The year 2025 also witnessed substantial actions. November brought joint sanctions against Russian bulletproof hosting provider Media Land for enabling cybercrime, alongside sanctions against a global drug-trafficking network utilizing stablecoins. The U.S. also launched its first Scam Center Strike Force, targeting Southeast Asian scam ecosystems responsible for billions in losses. October saw the seizure of $15 billion in Bitcoin linked to fraudulent schemes and the dual sanctioning of Chen Zhi and his Prince Group for operating transnational criminal enterprises. September included sanctions against Iranian shadow banking networks facilitating oil sales via crypto and a Chinese chemical supplier trafficking synthetic opioids. These actions collectively demonstrate OFAC’s unwavering commitment to disrupting illicit financial flows across a multitude of criminal enterprises.

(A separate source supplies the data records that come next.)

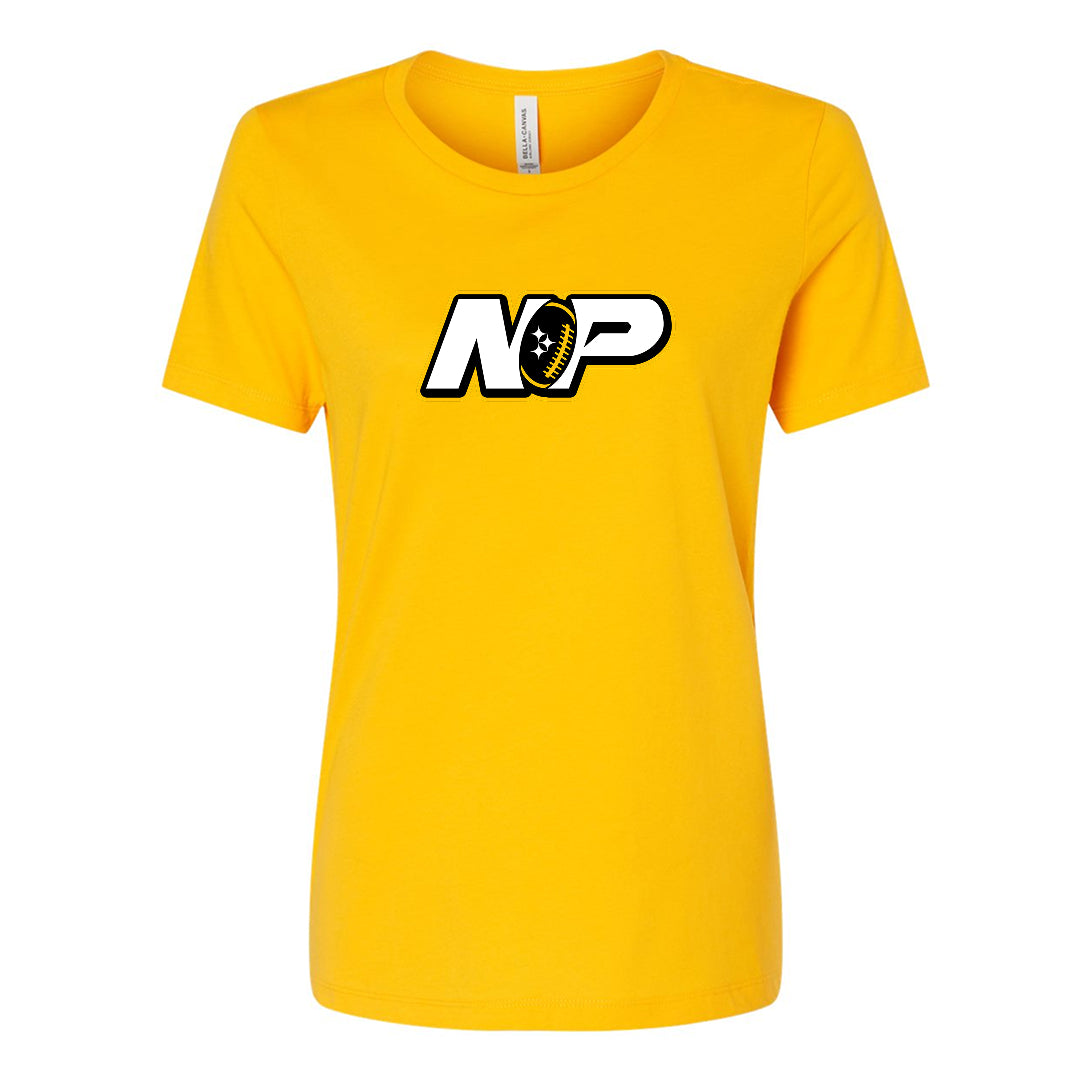 NP Main Women's Relaxed Tee 6400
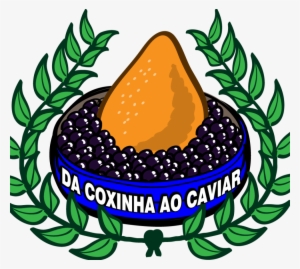 Coxinha De Caviar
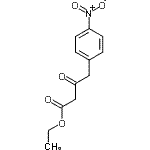 CAS#: 62088-12-4， Ethyl 4-(4-Nitrophenyl)-3-Oxobutanoate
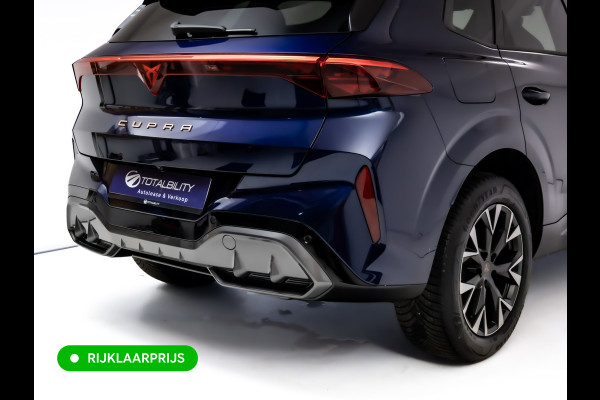 CUPRA Terramar 1.5 TSI e-Hybrid Business 204 PK | Elec. verst. stoel met memory | 360 Camera | Stoelverwarming| Navigatie | Adap. cruise | Head-Up, Apple Carplay/Adroid auto, All season banden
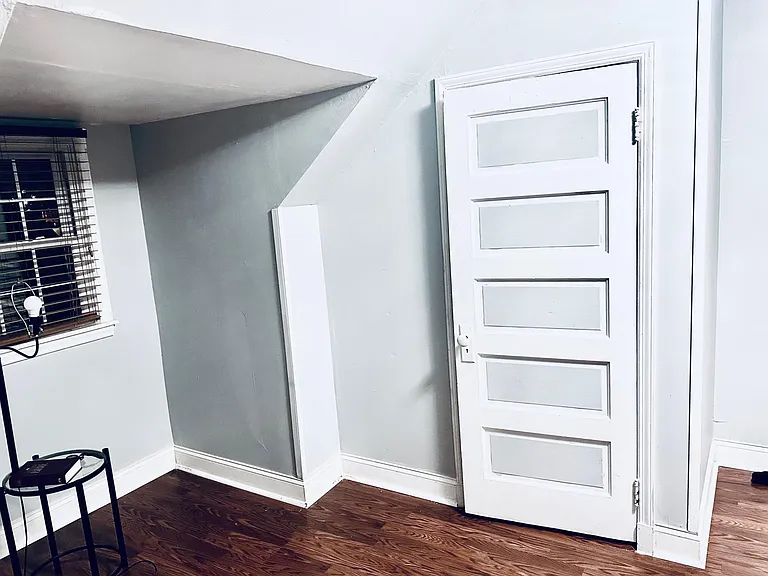 Master bedroom.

Sanctions Screening Challenges for Crypto Businesses
The increasing complexity and volume of OFAC designations, particularly those involving cryptocurrency addresses, present significant sanctions screening challenges for crypto businesses. Unlike traditional financial institutions, crypto firms often deal with a higher velocity of transactions and a global, pseudonymous user base. Ensuring compliance requires sophisticated on-chain analysis tools to identify and block transactions linked to sanctioned entities. The dynamic nature of blockchain addresses, the use of mixers, and cross-chain transactions further complicate compliance efforts. Crypto businesses must invest in robust compliance frameworks, leverage advanced analytics, and foster strong partnerships with law enforcement to effectively navigate this intricate regulatory landscape. The ongoing effort by OFAC to combat crypto crime underscores the need for continuous vigilance and adaptation within the digital asset industry.
Ultimately, as OFAC continues to refine its approach to combating crypto crime, the message is clear: the perceived anonymity of digital assets is a myth that bad actors can no longer rely on. The increasing focus on cryptocurrency addresses and services in sanctions designations signals a new era of enforcement, demanding heightened vigilance and robust compliance from all participants in the digital asset ecosystem. This sustained pressure ensures that the financial system, both traditional and digital, remains a hostile environment for illicit activities.